This is Not Happening Host Ari Shaffir on Tonight's Storytellers, Ms. Pat, Marc Maron, and The League's Steve Rannazzisi
The premise behind Comedy Central's new standup series This is Not Happening is simple: Three comics, some famous, some not, tell personal stories about the same topic. Creator and host Ari Shaffir (Paid Regular) got the idea five years ago while trading tales with executive producer Eric Abrams about taking mushrooms. It was a live act at the Hollywood Improv, and then a web series. And now it's the only TV show that can lay claim to featuring intimate descriptions of a bear fight, a Mexican prison riot, and an English-accented tête-à-tête over an un-neighborly pop-a-squat in a single 20-minute episode. (The subject: battle.) Tonight, The League's Steve Rannazzisi, WTF podcaster/Maron star Marc Maron, and newcomer Ms. Pat (above), recall three very different emergencies. Guns, an MRI machine, and a bag of chicken play major roles. But first, Shaffir has his own stories about the series and the episode.
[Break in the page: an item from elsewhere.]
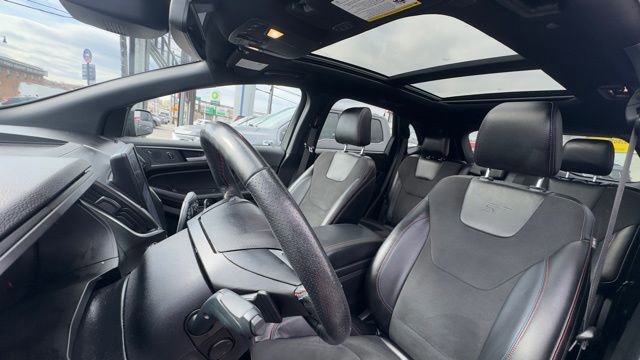 Certified 2024 Ford Edge ST w/ Equipment Group 401A image 16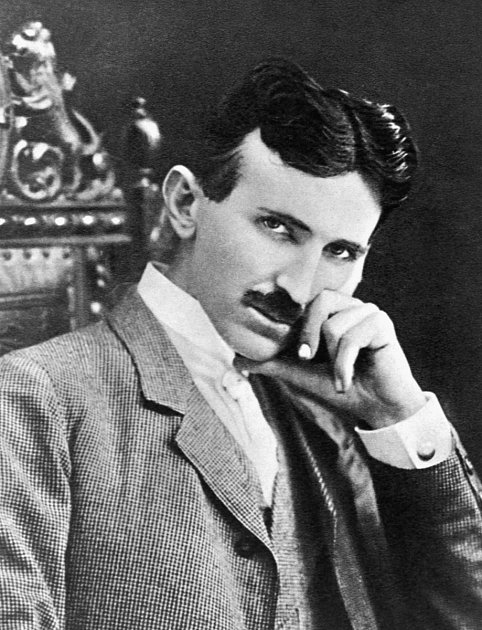 Srbsko-americký elektrotechnik Nikola Tesla (1856-1943). Snímek pochází z doby, kdy mu bylo zhruba 40. Přemýšlivá póza byla pro geniálního vědce, ale i showmana charakteristická a objevuje se na řadě jeho fotografií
Can you share the mushroom-taking yarn that started it all?
I forget which one it is! I think it's the story I'm going to tell at the end of the season, but I don't know. Regardless, Eric told me his story and then I remembered that Nick Kroll had a mushroom story. And I was like, "Hey dude, all these comics have these mushroom taking stories. Let's book a room and have people tell them." We changed the topic to psychedelics, to cover more. There were probably 12 people in the audience, but it was so much fun. We did another about sex, then heartbreak, revenge, and trouble with the law. We did one with Marc Maron that had all hooker stories. That was one of the weird ones.
When will you run out of tales to tell?
Oh, that happened to me a year or two into it. I was out of stories that I remembered. So I'd pick a topic and start asking my high school friends, do you remember anything that happened to me related to this? And then I'd sit and really think about it. We're doing a special show for SXSW and music is the topic. So, unless me and T-Pain had some adventures, I'm going to have to remember something that happened at a concert.
What's your favorite story that's been on the show?
I love the way Ali Siddiq told his story about people saying "Mexican got boots on" to him in prison [in the battle episode]. For three minutes, he keeps you wondering, What are you even talking about?, while still being interesting and funny. And then he reveals what that means, and you're like "Oh?" And then you're like "Ohhhhh, f—k, shit is about to go down."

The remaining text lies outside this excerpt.